Dynamic range has become one those topics debated ad nauseum on photography forums and harped on by certain reviewers to the place where some perspective has been lost on the topic. It has become on the key “stats” where brand fanboys either push their brand or bash another. At the same time, as a person who gets a chance to use most current gear, and one who has used the current best from Canon, Nikon, Fuji, and Sony, I can definitely say that there are a number of situations where improved dynamic range gives the photographer (and particularly the post-processor) more latitude to fulfill their vision. This could be in the ability to recover a blown-out sky or shadowed area as a landscape photographer or the ability to balance a foreground subject with a background or sky for portrait photographers.  These days it is pretty easy to recover a lot of lost details in any given image.

I have found with each of the more recent cameras that I bracket exposures for exposure blending/HDR less often, as it is often possible to get the result I want out of a single exposure. Dynamic range is the range of visible light that a sensor can record, and the Sony a9 is bettered by some of Sony’s more recent sensors in this measure.  It is rated at around 13.6 stops, which is similar to Canon’s performance with the 5D Mark IV/EOS R but falls behind the roughly 14.7 stops boasted by the a7RIII/IV and even the Sony a7III.  The latter is surprising, as one would think that the sensors are identical.  I’m not entirely sure why the a7III’s performance is better here, but it could be due to the stacked sensor of the a9 (the a7III’s sensor is not stacked) or just that Sony tweaked the sensor in the 13 months between the release of the a9 and the a7III.
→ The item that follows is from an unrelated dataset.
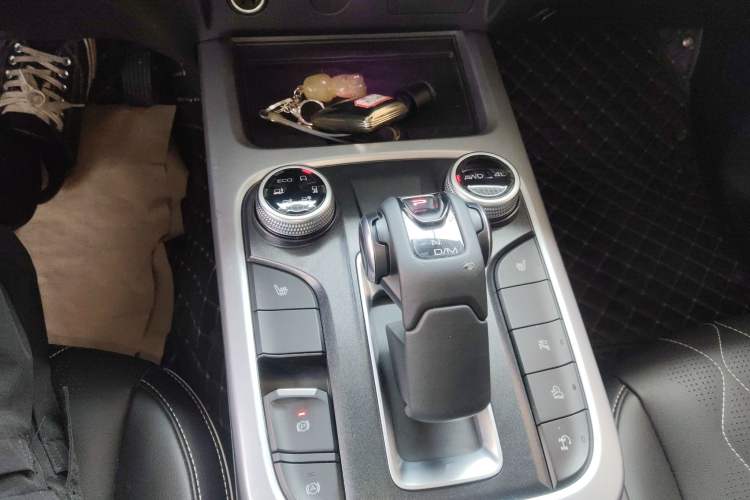 Used Tank 300 2021 City Edition 2.0T My Vision Model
While I didn’t have an a7III on hand to compare with the a9, I do own the Sony a7RIII which performed nearly as well (within a percentage point or two) in my comparisons between the two cameras and I threw the Canon EOS R (closer in resolution) into the mix for the fun of it.  
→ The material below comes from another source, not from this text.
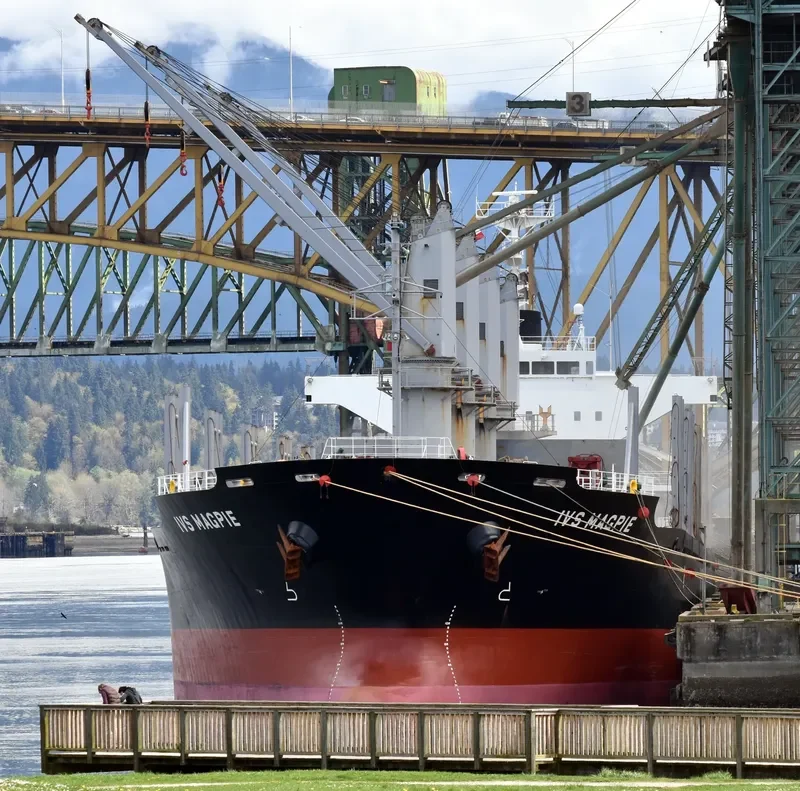 IVS MAGPIE Bulk Carrier IMO 9604732 photo 5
What I found when purposefully underexposing by one, two, three, and four stops and then adding that exposure back in post is that the a7R3 and a9 (and EOS R) produced very similar results through three stops, but the four-stop recovery showed cleaner results in the shadows for the a7RIII.  The a9 (and EOS R) showed light banding in the purely black shadows while the RIII stayed very smooth (Image 1 below).  The a9 gets high marks for color neutrality, however, with the  a7R3 showing a slight tendency to push towards a green tint when pushed to the limit while the a9 stayed neutral (Image 2).  The EOS R also slows a slight shift towards magenta under similar conditions (Image 3).  So, a little win for the a9 in color neutruality (also a theme at higher ISO values) but a little loss when it comes banding in the shadows during shadow recovery.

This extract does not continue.